Alendronate's main risks are upper GI irritation (take with 8 oz water, stay upright 30 minutes), osteonecrosis of the jaw (ONJ) at low rates in osteoporosis doses, and atypical femoral fracture after extended use [2]. Romosozumab carries ONJ and atypical femoral fracture risks similar to other osteoporosis agents, plus the cardiovascular signal [8]. Injection site reactions occur in roughly 10% of romosozumab patients but are usually mild [3].

Practical Administration

Alendronate: one tablet weekly, taken fasting with plain water, no food or other medications for 30-60 minutes afterward. Romosozumab: two subcutaneous injections of 105 mg each (delivered at the same visit for a total of 210 mg) once monthly, administered in a clinic or self-injected after training. The 12-month time limit on romosozumab means the patient and prescriber must have a clear plan for antiresorptive follow-on before the course begins.


When to Consider Switching from Fosamax to Evenity

The decision to switch hinges on fracture risk stratification. AACE defines "imminent fracture risk" as a recent fracture (within 1-2 years), T-score below -3.0, or FRAX 10-year hip fracture probability above 4.5% (the intervention threshold varies by country) [7].

Criteria That Support Switching

A patient on long-term alendronate who suffers a new fragility fracture is a clear candidate for escalation to an anabolic agent [5]. The Endocrine Society guideline specifically states that patients who fracture on antiresorptive therapy should be evaluated for anabolic escalation [5]. Other indicators include T-score decline despite alendronate adherence, very high baseline FRAX score at initial presentation, or multiple prior fractures.
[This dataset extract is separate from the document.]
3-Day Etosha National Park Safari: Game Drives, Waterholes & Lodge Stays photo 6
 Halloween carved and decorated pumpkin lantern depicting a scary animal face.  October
Practical Transition Steps

Stop alendronate and begin romosozumab at the next scheduled visit. Some clinicians allow a brief gap (2-4 weeks) for administrative reasons, but there is no clinical need for a washout before starting romosozumab after alendronate. The concern runs in the other direction: prior alendronate may reduce the anabolic response, so documenting P1NP at baseline and at month 3 is a reasonable monitoring approach [6]. Plan the antiresorptive follow-on before the 12-month romosozumab course begins: typically alendronate 70 mg weekly resumed immediately after the last romosozumab injection, or denosumab 60 mg every 6 months as an alternative.

When Not to Switch

Patients who have had a myocardial infarction or stroke within the past year cannot receive romosozumab per the FDA label [8]. Patients who are already in the low-to-moderate fracture risk category and doing well on alendronate do not need escalation to an anabolic agent. Cost and insurance coverage are real barriers: if prior authorization for Evenity is denied and the patient's fracture risk is not extreme, continuing alendronate is a reasonable choice rather than leaving therapy gaps.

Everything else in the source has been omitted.